Tuesday, November 12, 2013

Does this mean a cold, snowy winter?

The strong blast of arctic air roaring into the Carolinas on Tuesday probably will set off a lot of speculation over whether this is the harbinger of a cold and snowy winter.

After all, a weak low pressure system trailing the cold front is expected to set off snow showers Tuesday afternoon and early evening in the mountains and foothills, and the National Weather Service office in Greer, S.C., says residents of Rowan and eastern Davie counties could see snow flying later this evening and the impulse moves by.

In the immediate Charlotte area, there's a chance that the rain showers could mix with snow before ending this evening.

For those of you wondering what happened to the more significant snow that was being discussed last week, the answer is simple.  The European weather model, which favored a snowier scenario, was wrong.  It forecast stronger low pressure developing along the front.  The Global model had the precipitation forecast right -- very light.

So the winter scoreboard so far is Global 1, European 0.  I'll remember that, the next time one of the models starts indicating snow.

But back to the long-range picture.

The simple answer is that this week's taste of winter doesn't mean anything for the long-range winter outlook.

In fact, we'll see a warmup later this week, and after another shot of chilly air moves into the East next week (it won't be as strong as this week's), it could turn rather warm for the last 7 to 10 days of the month.  I noticed that Alex Sosnowski of Accu-Weather mentioned this morning that his company's meteorologists think temperatures could be quite mild in our part of the country around Thanksgiving.

In another week or two, I'll write about the various players on the field for our winter weather outlook -- and how meteorologists think it will all play out.

This week's cold:  It's coming, in a hurry.
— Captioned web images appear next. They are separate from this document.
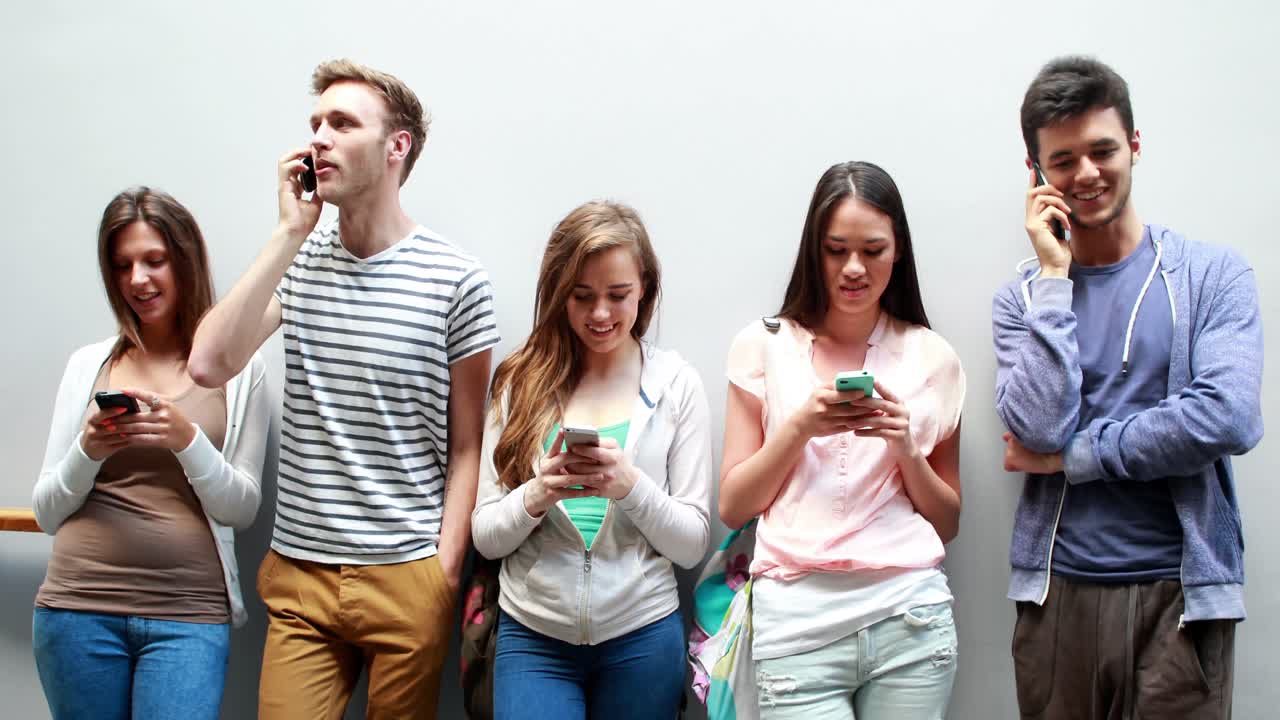 compañeros de clase de pie en una fila de mensajes de texto y llamadas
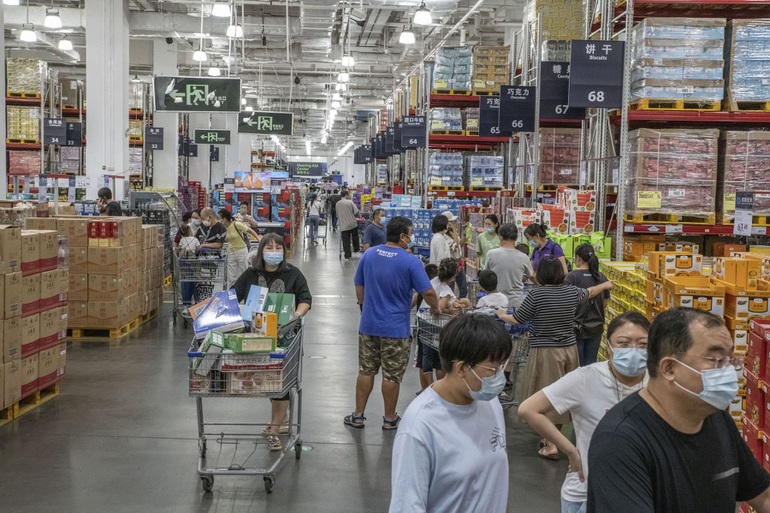 Trung Quốc phản ứng gay gắt trước động thái gỡ bỏ các mặt hàng từ Tân Cương của chuỗi bán lẻ Sams Club của Walmart (Ảnh: Bloomberg).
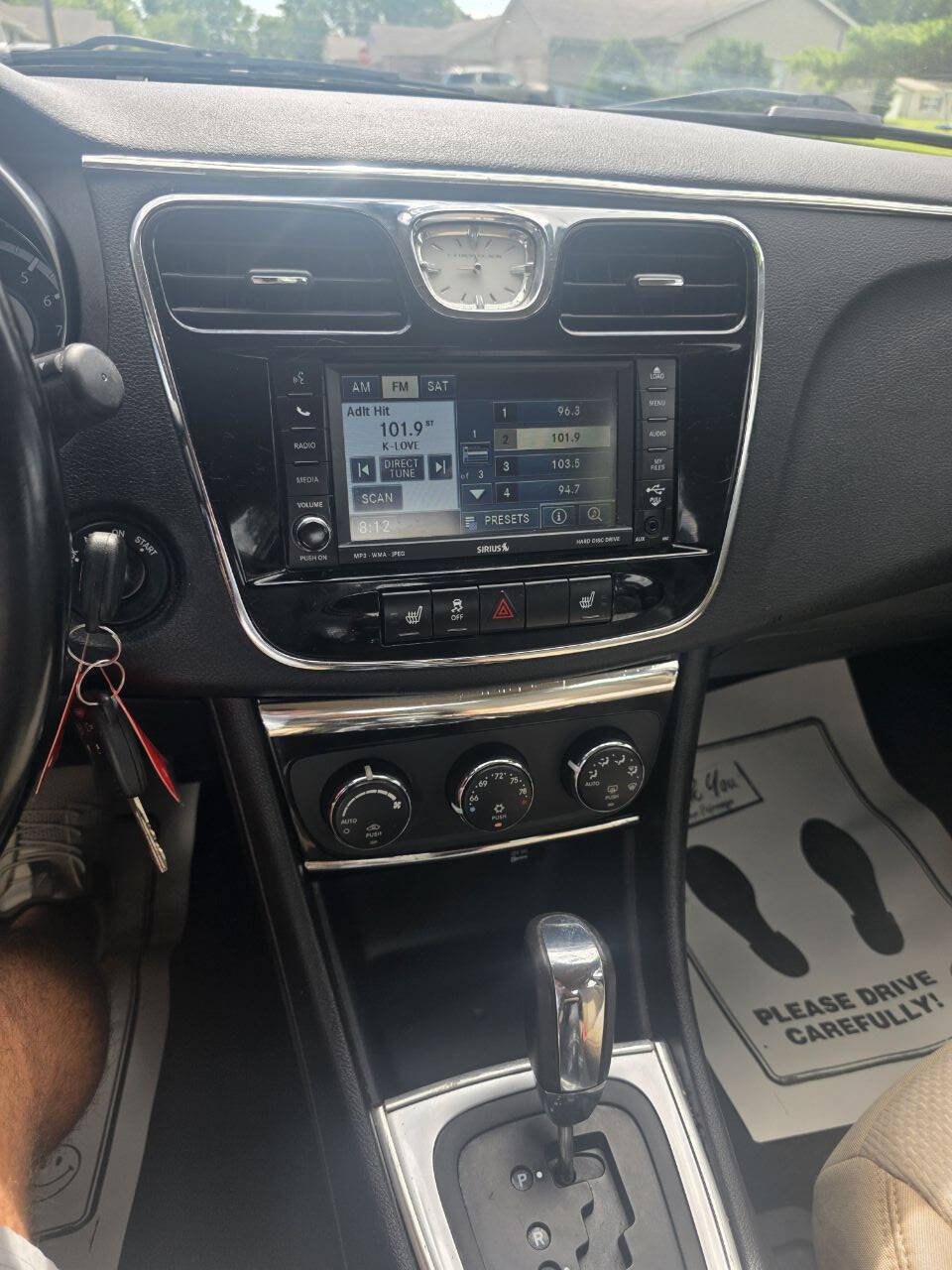 Used 2011 Chrysler 200 Touring w/ Cold Weather Group FWD image 10
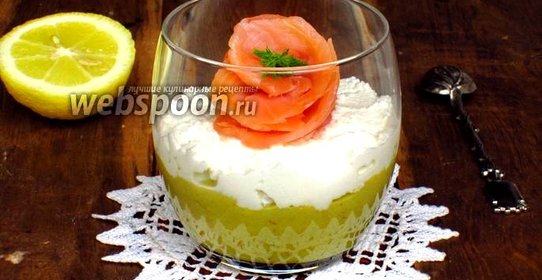 Мусс из авокадо и рикотты с лососем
While the temperature at Charlotte Douglas International Airport was 67 degrees at 1 p.m. Tuesday, it was 44 degrees with a howling northwest wind in Asheville. Temperatures already had fallen into the 50s in the foothills and South Carolina Upstate, and you can expect the same to happen in Charlotte over the next few hours.

Record low temperatures aren't likely the next two mornings, but readings won't be far away from setting marks. The record for Wednesday morning in Charlotte is 25, set in 1911.  Thursday morning's record is 22, set in 1986.

On second thought, tomorrow morning's record isn't really too far out of touch.  Forecast lows overnight are in the middle 20s.

4 comments:

James Edgar said...

As always, I'm cheering for lots of snow. I have become much more heat-sensitive as I have aged.

What I hope we can avoid this winter is the irritating screaming about how the weather on any given single day proves or disproves global warming and the inevitable insults hurled at other commenters who have an opposing opinion.

Anonymous said...

James, you are hoping for the impossible.

Anonymous said...

I'm with James...More Snow!!!! Impossible...not with prayer!!! :-)

Anonymous said...

Snow is not what is impossible, but rather, as James writes, avoiding screaming about whether or not "global warming" is proved by any single day.